- Data extract -

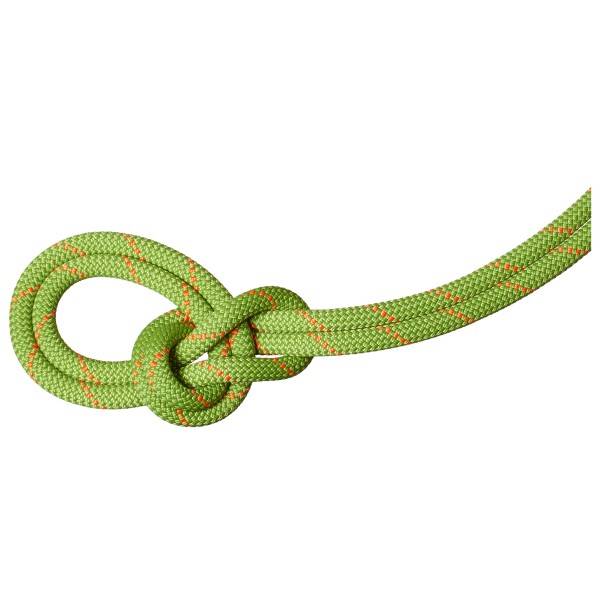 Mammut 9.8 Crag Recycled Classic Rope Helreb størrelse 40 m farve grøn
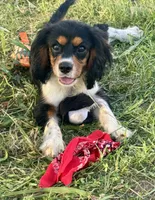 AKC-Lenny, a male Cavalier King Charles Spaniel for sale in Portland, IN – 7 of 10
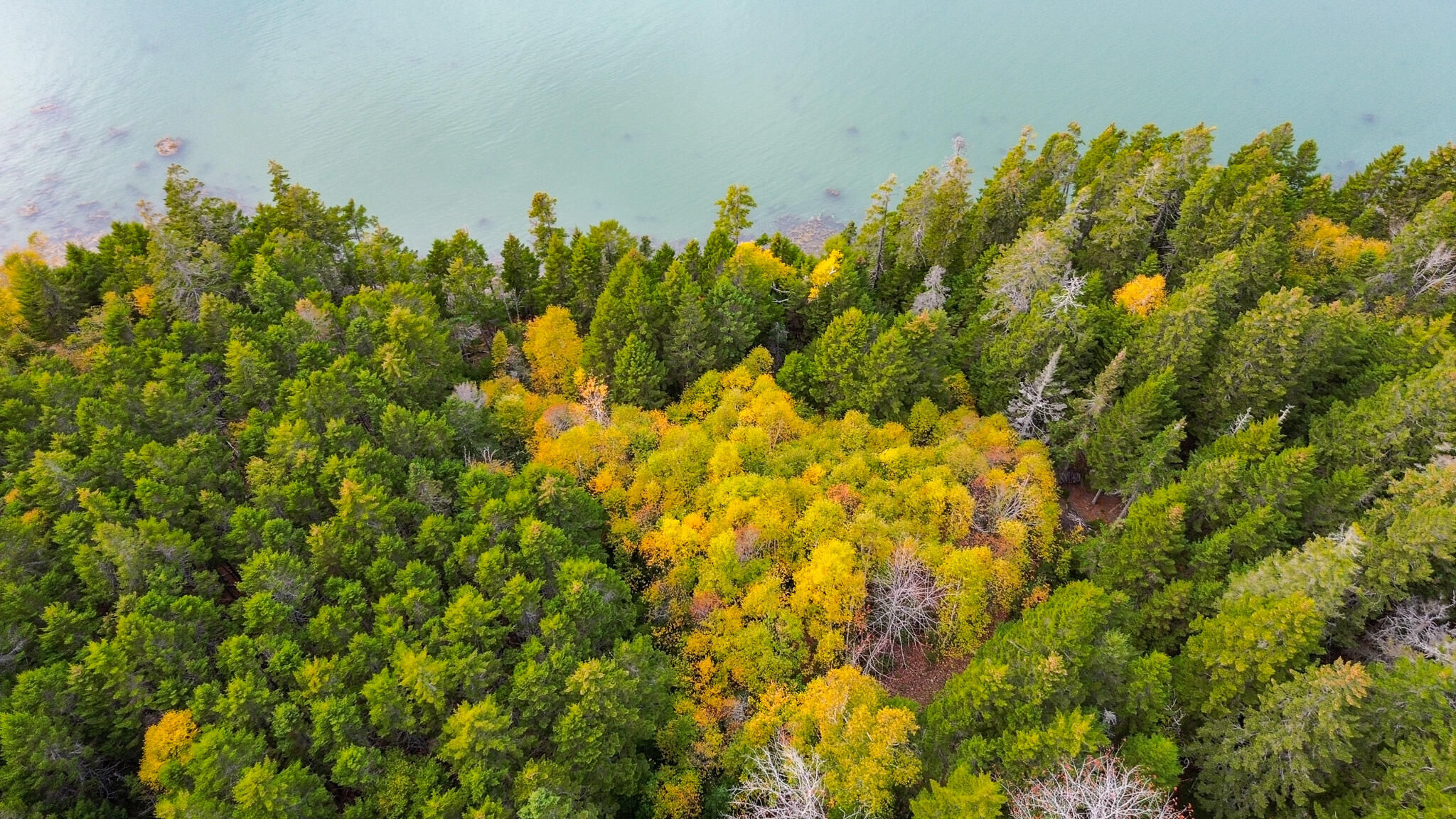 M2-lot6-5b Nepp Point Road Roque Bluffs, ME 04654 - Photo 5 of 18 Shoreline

- Work request -
Pictures are to be left out; repeat all the remaining data exactly.

- Solution below -
 Mammut 9.8 Crag Recycled Classic Rope Helreb størrelse 40 m farve grøn
 AKC-Lenny, a male Cavalier King Charles Spaniel for sale in Portland, IN – 7 of 10
 M2-lot6-5b Nepp Point Road Roque Bluffs, ME 04654 - Photo 5 of 18 Shoreline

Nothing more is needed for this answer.